Wisdom to Cope with Grief and Bereavement

After the loss of a loved one, an individual may become so busy with taking care of the funeral and other things that there is hardly any time for grief and bereavement.

Feelings of anger, guilt, remorse, or shame are emotional bag and baggage that come with sorrow and suffering that have to be cope with and overcome.

Sorrow and suffering must go through three stages before there is any healing or redemption from emotional pain:

Stage of numbness

The sorrow and suffering may be so sudden or profound, such as bereavement or tragedy, that one becomes numbed with shock or disbelief.

Stage of real pain

After the initial numbness, reality begins to sink in, followed by real emotional pain.
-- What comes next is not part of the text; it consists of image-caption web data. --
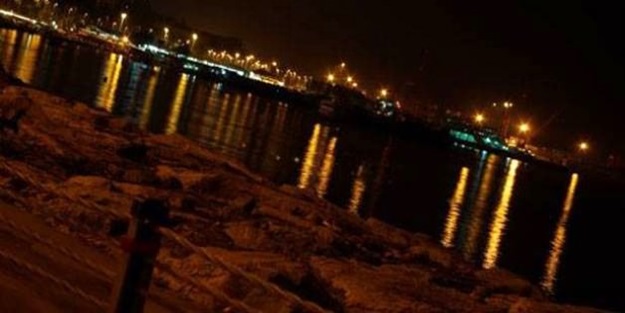 Faciadan dönüldü! Taraftarları denize döktüler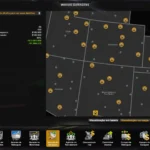 PROFILE ATS 1.49.3.14S BY RODONITCHO MODS 1.0 1.49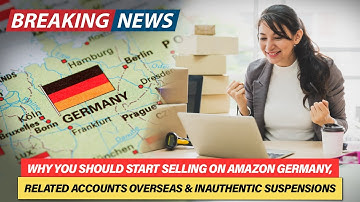 The #1 Reason Amazon Accounts Get Suspended – Don
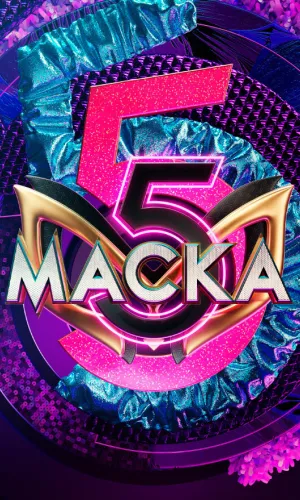 Маска 8 выпуск от 29.03.2026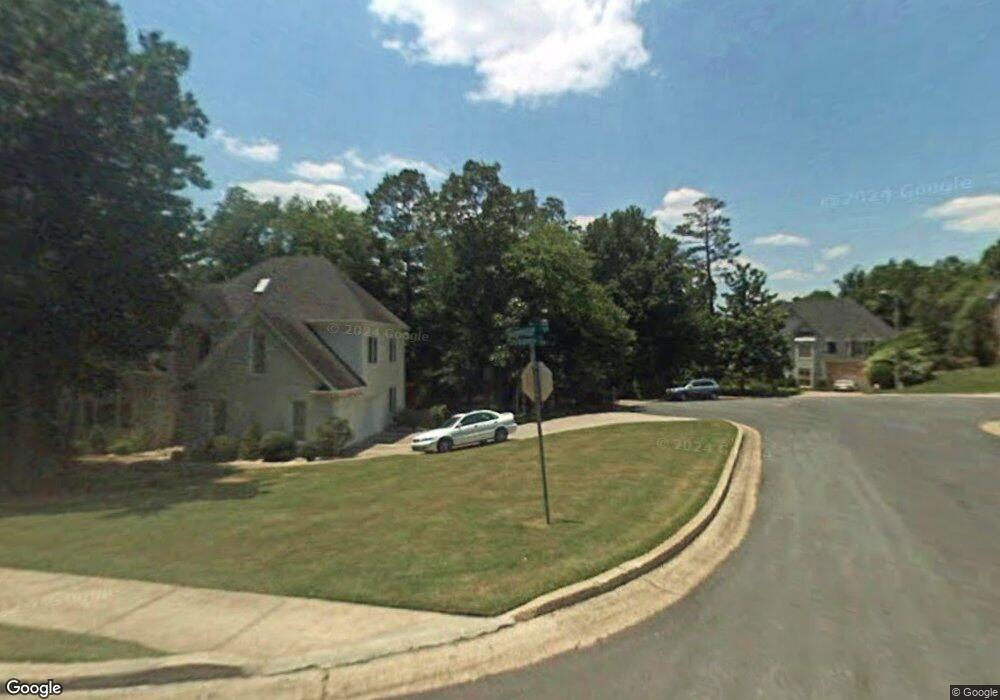 3257 Highborne Ct NE unit 3, Marietta, GA 30066 - photo 1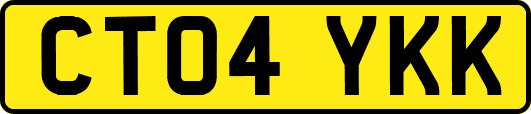 CT04YKK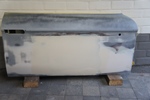 Restauratie Panhard 24BT (1965)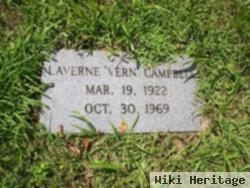 Laverne "vern" Campbell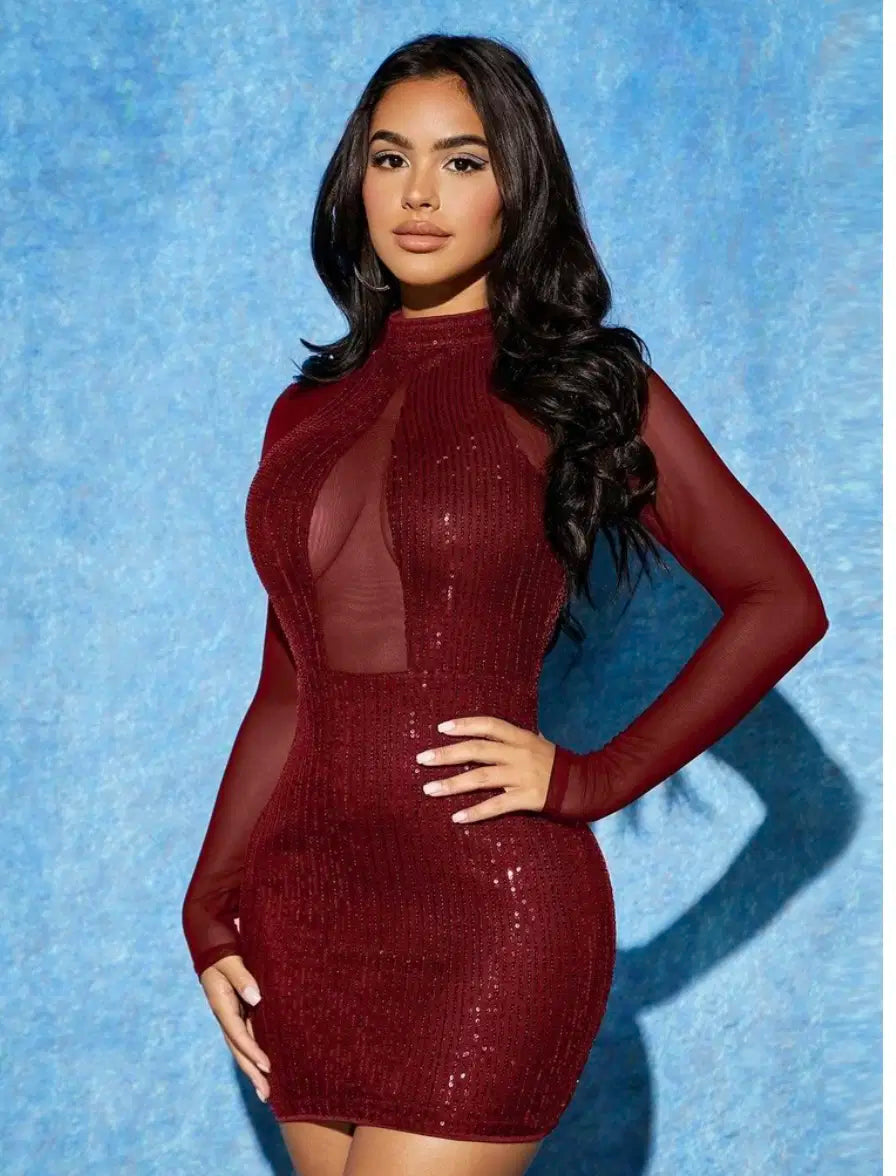 Ruby Royale mini
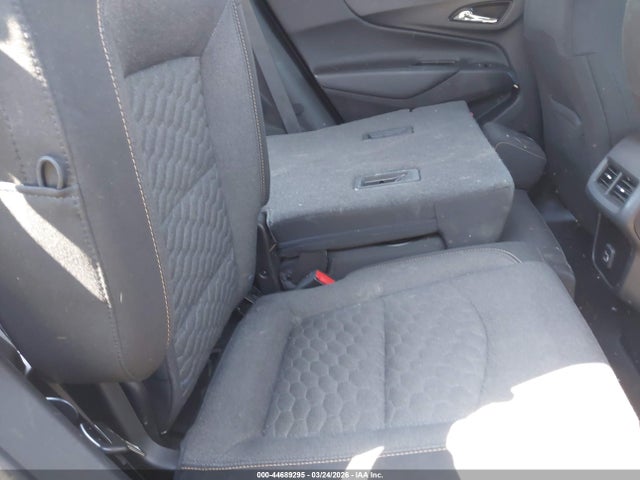 2GNAXKEV6M6123595 Chevrolet Equinox Fwd Lt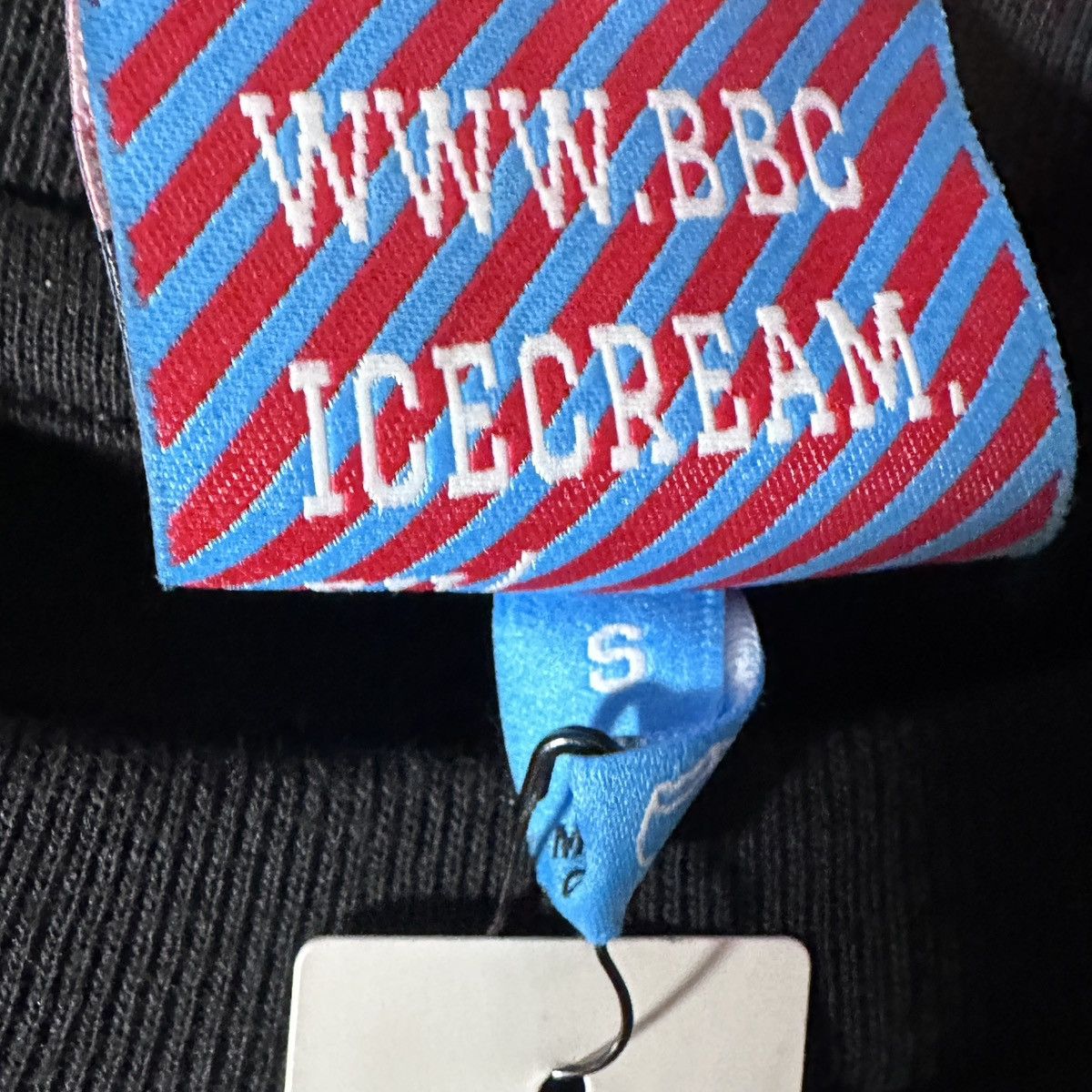 Icecream Soft Serve Logo Tee Size US S / EU 44-46 / 1 - 3 Thumbnail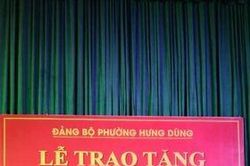 Cảm ơn Ngày Thầy thuốc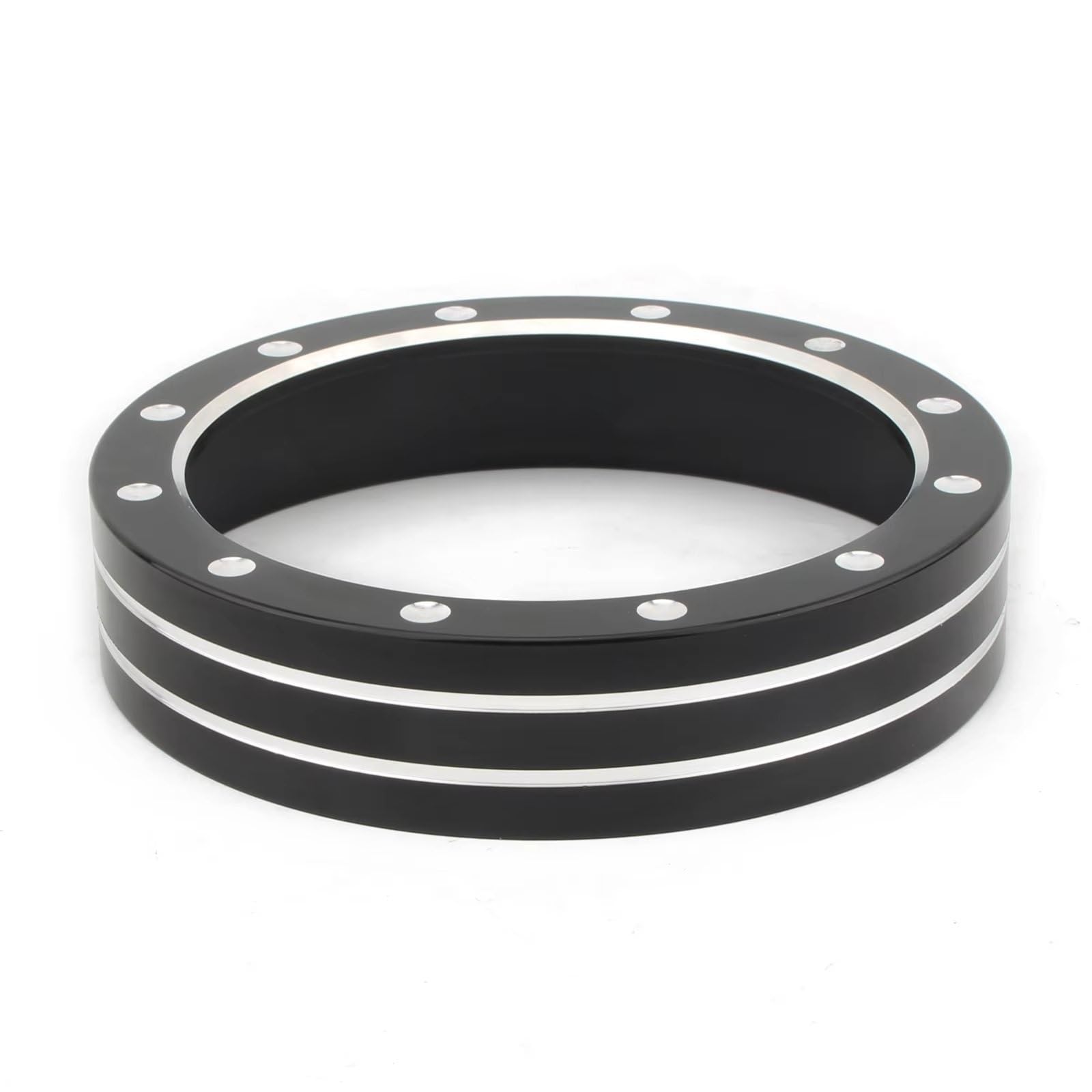 YSSLYEU Tachometer Gehäuse Abdeckung Für Rebel Für CMX 300 500 2017 2018 2019 Motorrad Tacho Gauge Instrument Meter Ring Abdeckung Zubehör Motorrad Meter Rahmen(Size 4) von YSSLYEU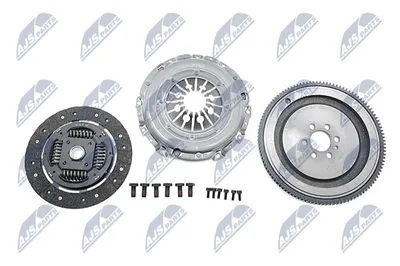 Clutch Kit Opel VECTRA C · Opel VECTRA C GTS · Opel SIGNUM Hatchback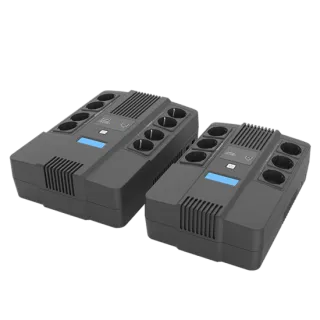 HighEnergy AIO1000(Schuko)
In this critical stage, there is a human tendency to deny or avoid the sorrow and suffering, as demonstrated by Jesus’ own pleading: “My Father, if it is possible, let this cup pass from Me.” (Matthew 26:39)

Stage of recovery

Healing or redemption from painful emotions takes place only when one lets sorrow and suffering run their natural courses until one is able to not only experience the associated emotions and feelings but also express and share them with others to complement the healing process. Hence, connections with God and with others hold the key to recovery from emotional pain.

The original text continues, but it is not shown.